● **What is being asked**:
Here the job is to copy the data exactly and to exclude every image from it.

┌─ Available data

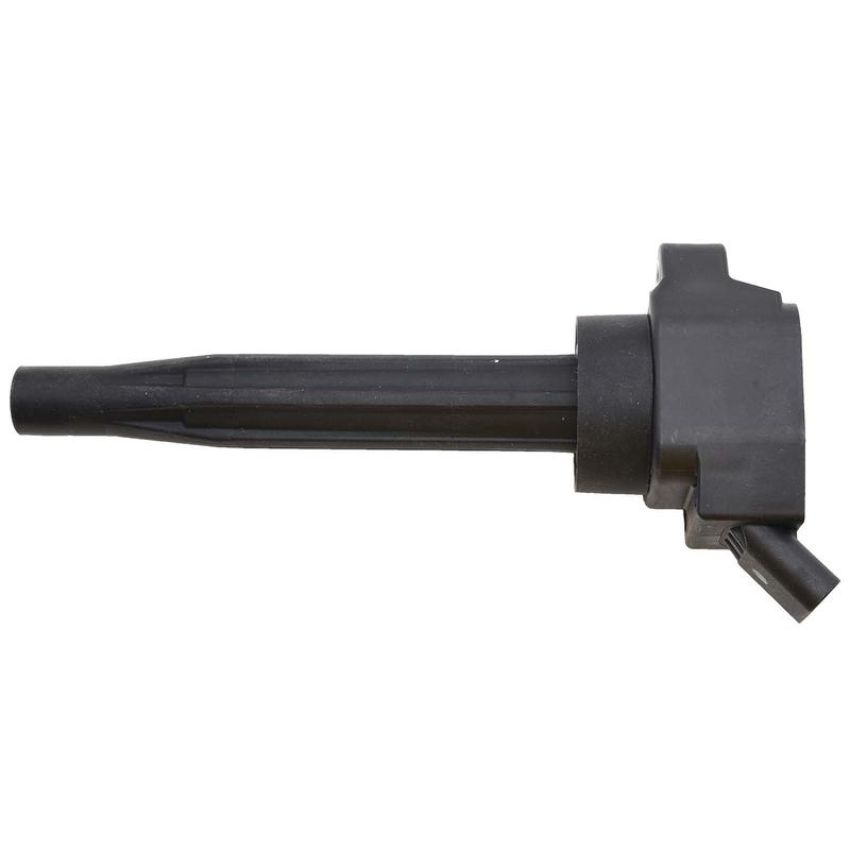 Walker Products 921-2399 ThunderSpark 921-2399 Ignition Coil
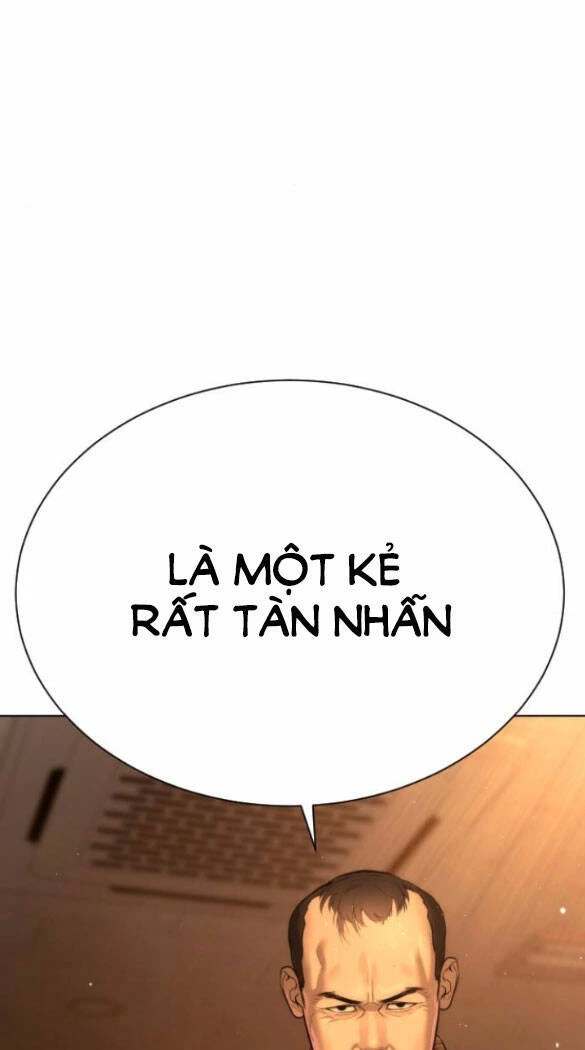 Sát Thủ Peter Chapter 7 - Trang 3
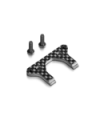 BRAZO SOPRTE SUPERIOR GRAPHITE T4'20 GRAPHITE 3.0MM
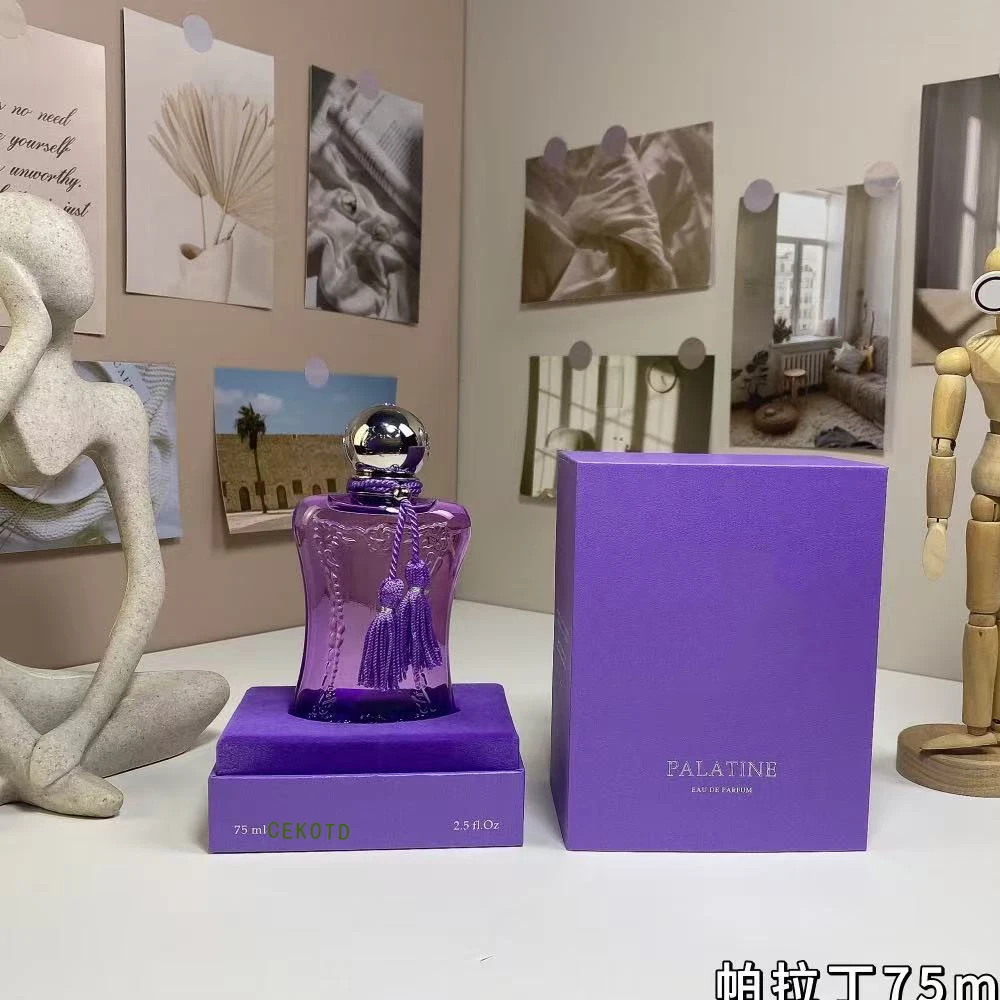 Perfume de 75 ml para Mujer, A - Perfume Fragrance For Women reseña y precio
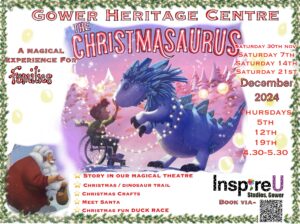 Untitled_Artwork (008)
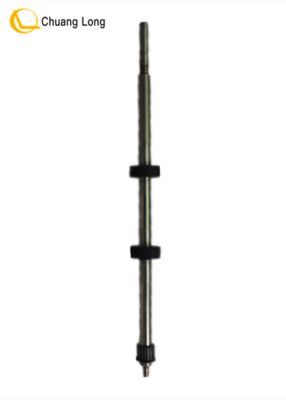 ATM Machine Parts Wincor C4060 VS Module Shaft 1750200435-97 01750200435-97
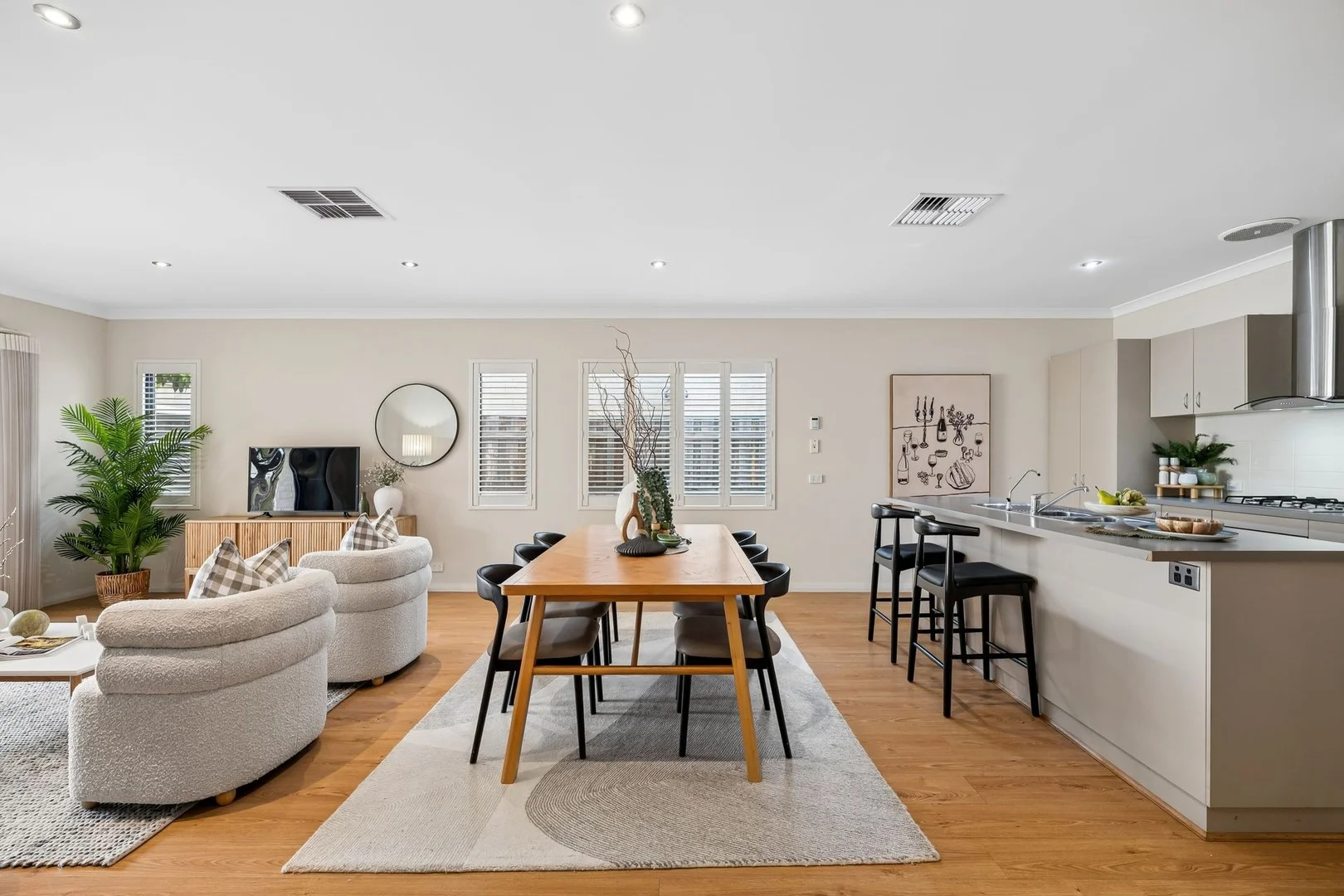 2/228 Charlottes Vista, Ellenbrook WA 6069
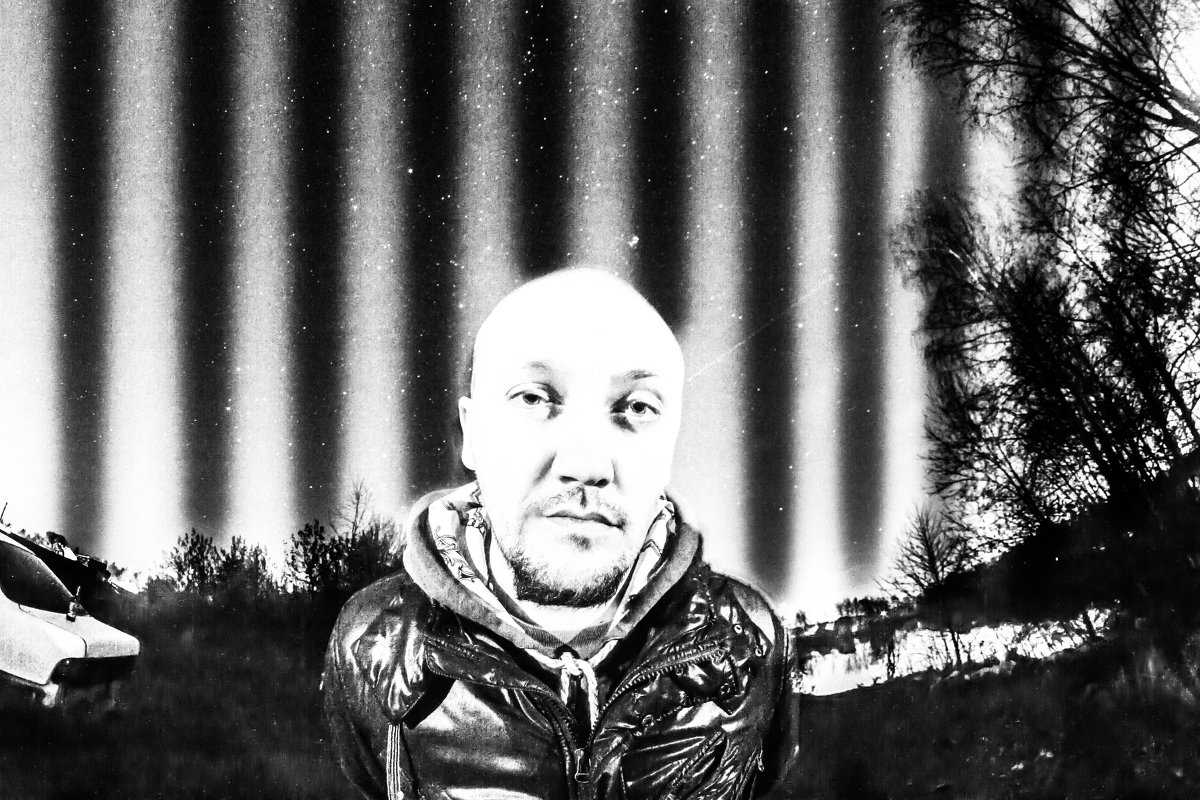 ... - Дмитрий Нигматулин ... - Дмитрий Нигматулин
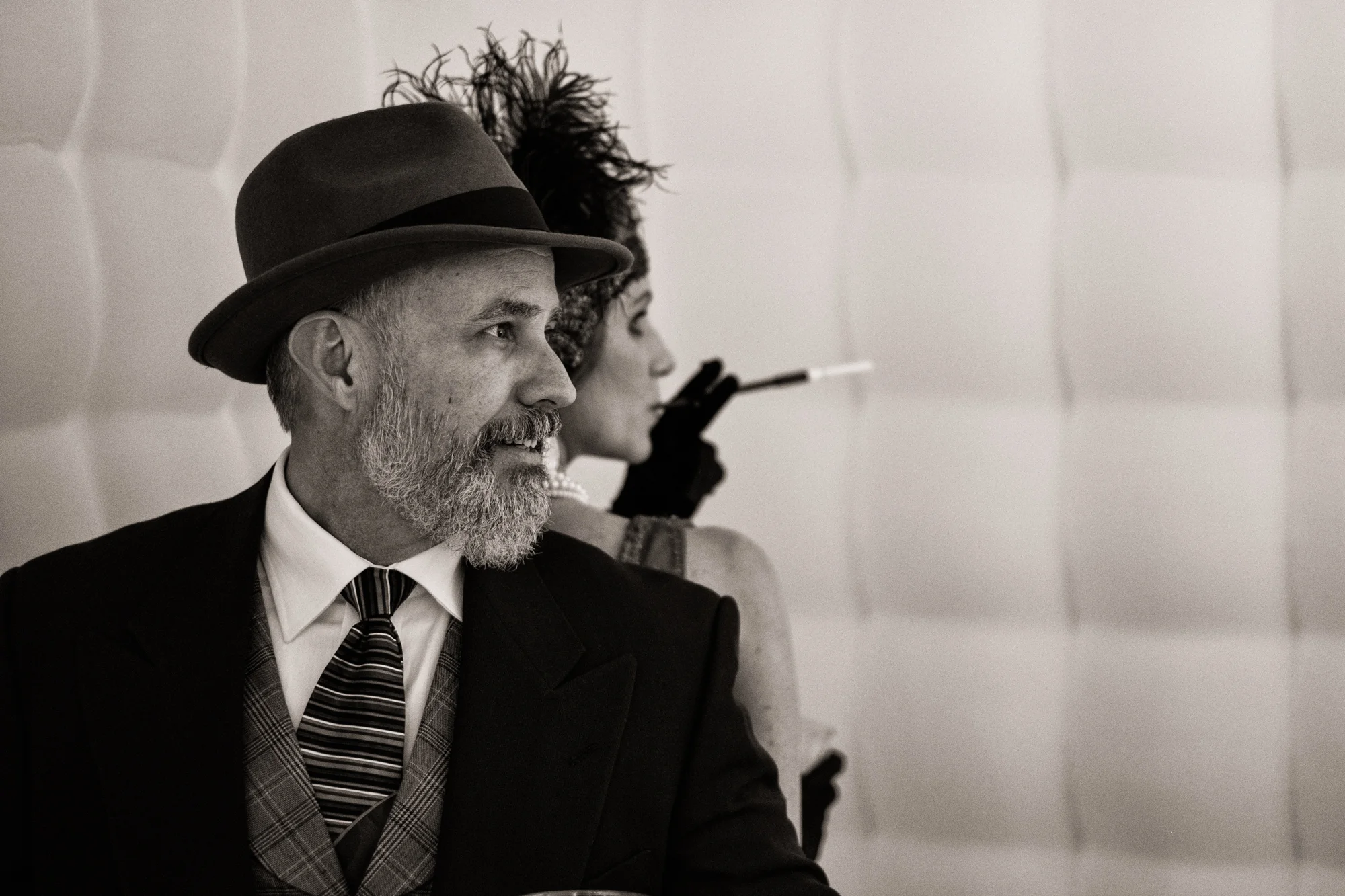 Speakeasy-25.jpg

└─

● **Task solution**:
 Walker Products 921-2399 ThunderSpark 921-2399 Ignition Coil
 Sát Thủ Peter Chapter 7 - Trang 3
 BRAZO SOPRTE SUPERIOR GRAPHITE T4'20 GRAPHITE 3.0MM
 Perfume de 75 ml para Mujer, A - Perfume Fragrance For Women reseña y precio
 Untitled_Artwork (008)
 ATM Machine Parts Wincor C4060 VS Module Shaft 1750200435-97 01750200435-97
 2/228 Charlottes Vista, Ellenbrook WA 6069
 ... - Дмитрий Нигматулин ... - Дмитрий Нигматулин
 Speakeasy-25.jpg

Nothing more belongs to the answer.